タイ前首相の命運は、プレミアリーグに 買収成否が影響
サッカーの英プレミアリーグが、昨年9月のクーデターで失脚したタイのタクシン前首相によるマンチェスター・シティーの
買収を認めるかどうか――。この判断が、タクシン氏の命運と今後のタイ政局に影響を与えそうだ。
21日、クラブ側はタクシン氏による約200億円にのぼる買収提案を受け入れるよう株主に勧告した。タクシン氏は
ロンドンで「資金は以前から用意していた自分の金」「前イングランド代表チーム監督のエリクソン氏を次期監督候補に
考え、面談した」などと上機嫌で話した。
しかしその数時間前、母国タイでは、タクシン氏夫妻は国有地を不正取得した疑いで検察当局から起訴されていた。
今回の買収をめぐっては、タクシン氏が先に約580億バーツ(約2100億円)の資産を凍結され、残りの資産の行方も
追及されていることから、「無理ではないか」との見方があった。
一方で、潤沢な資金で政治基盤を確立してきたタクシン氏にとって、買収断念は資金ショートを意味し、求心力の低下に
つながるため、引くに引けない状況にもあった。
注目されるのはプレミアリーグが04年に導入した「適性テスト」をパスできるかどうか。横領、脱税、収賄などで有罪になった
人物がクラブのオーナーや幹部役員、30%以上を保有する大株主になると、チームは出場停止になる。
これまでに不適格とされた例はないが、クラブが不正な取引に巻き込まれることを防ぐ効果をあげている。
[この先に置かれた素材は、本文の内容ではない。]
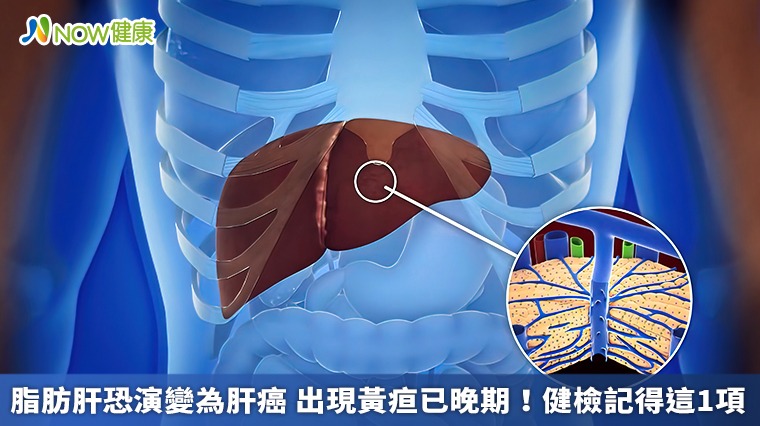 脂肪肝恐演變為肝癌 出現黃疸已晚期！健檢記得這1項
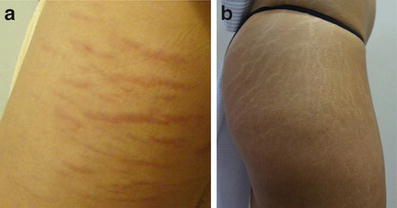 Microneedling for Transepidermal Drug Delivery on Stretch Marks ...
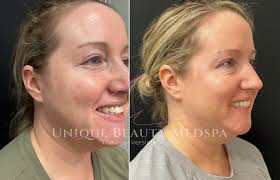 Neurotoxins Near Valrico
昨年、規制が
強化され、国外の裁判所の判決も対象になった。
タクシン氏にすれば、「お墨付き」が得られれば、政治的にも得点となる。同リーグの試合はタイでも生中継される人気。
タイ代表選手との契約の可能性を探る動きもあり、宣伝効果は抜群だ。逆に不適格となれば一層の窮地に陥る。
買収資金についても、国外に持ち出した経緯を中央銀行に調べられる可能性がある。